### Dataset extract
· · · · ·

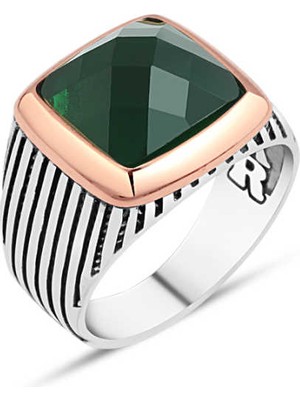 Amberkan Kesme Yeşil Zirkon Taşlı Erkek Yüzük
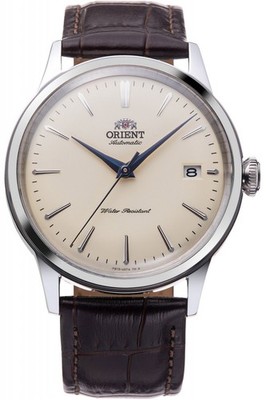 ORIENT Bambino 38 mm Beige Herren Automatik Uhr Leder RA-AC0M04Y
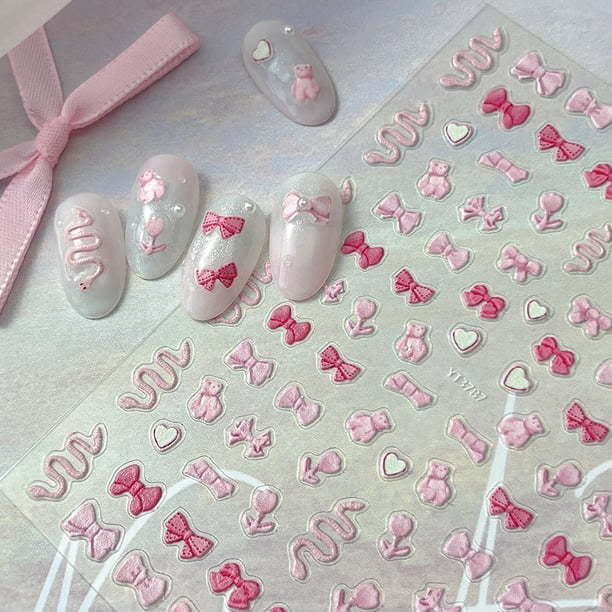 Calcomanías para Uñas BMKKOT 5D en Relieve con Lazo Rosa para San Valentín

· · · · ·

### Work to complete
Print exactly the span of lines that begins with the line containing "ORIENT Bambino 38" and ends with the last line of the listing, with no pictures.

### Solution for this exercise
 ORIENT Bambino 38 mm Beige Herren Automatik Uhr Leder RA-AC0M04Y
 Calcomanías para Uñas BMKKOT 5D en Relieve con Lazo Rosa para San Valentín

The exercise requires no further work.